**TASK TO CARRY OUT**: A verbatim copy of the line containing "Palm Tree Ribbed Bubble Romper" and all lines after it, up to and including the final line of the records, is the only acceptable output.

**Crawled caption data**:
·····
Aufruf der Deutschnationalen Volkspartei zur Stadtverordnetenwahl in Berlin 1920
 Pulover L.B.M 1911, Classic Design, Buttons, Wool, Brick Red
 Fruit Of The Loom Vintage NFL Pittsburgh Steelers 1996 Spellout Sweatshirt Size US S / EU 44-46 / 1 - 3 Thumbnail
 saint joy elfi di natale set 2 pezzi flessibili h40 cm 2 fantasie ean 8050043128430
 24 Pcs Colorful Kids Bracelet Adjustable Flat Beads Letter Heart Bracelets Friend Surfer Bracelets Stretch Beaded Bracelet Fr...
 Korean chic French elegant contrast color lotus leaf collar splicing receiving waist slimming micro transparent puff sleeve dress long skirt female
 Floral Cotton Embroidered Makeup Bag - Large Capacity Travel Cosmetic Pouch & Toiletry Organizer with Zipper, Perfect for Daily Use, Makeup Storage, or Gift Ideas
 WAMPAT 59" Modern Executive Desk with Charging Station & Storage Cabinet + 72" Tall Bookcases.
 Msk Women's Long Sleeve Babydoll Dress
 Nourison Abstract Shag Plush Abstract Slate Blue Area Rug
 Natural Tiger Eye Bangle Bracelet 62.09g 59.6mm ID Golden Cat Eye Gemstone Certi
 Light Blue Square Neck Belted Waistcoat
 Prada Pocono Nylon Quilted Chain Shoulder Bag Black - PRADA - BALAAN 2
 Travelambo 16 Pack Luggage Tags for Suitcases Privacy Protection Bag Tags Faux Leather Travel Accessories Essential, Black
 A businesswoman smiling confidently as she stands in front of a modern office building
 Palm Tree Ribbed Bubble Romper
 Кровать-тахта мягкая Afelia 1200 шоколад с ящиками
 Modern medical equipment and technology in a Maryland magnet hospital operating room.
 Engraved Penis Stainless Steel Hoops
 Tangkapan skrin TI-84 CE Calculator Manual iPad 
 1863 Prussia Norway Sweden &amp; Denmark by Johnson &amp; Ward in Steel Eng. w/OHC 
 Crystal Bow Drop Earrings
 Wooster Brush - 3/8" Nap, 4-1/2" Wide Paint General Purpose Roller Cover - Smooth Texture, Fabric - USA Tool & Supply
·····
**SOLUTION TO THIS EXERCISE**:
 Palm Tree Ribbed Bubble Romper
 Кровать-тахта мягкая Afelia 1200 шоколад с ящиками
 Modern medical equipment and technology in a Maryland magnet hospital operating room.
 Engraved Penis Stainless Steel Hoops
 Tangkapan skrin TI-84 CE Calculator Manual iPad 
 1863 Prussia Norway Sweden &amp; Denmark by Johnson &amp; Ward in Steel Eng. w/OHC 
 Crystal Bow Drop Earrings
 Wooster Brush - 3/8" Nap, 4-1/2" Wide Paint General Purpose Roller Cover - Smooth Texture, Fabric - USA Tool & Supply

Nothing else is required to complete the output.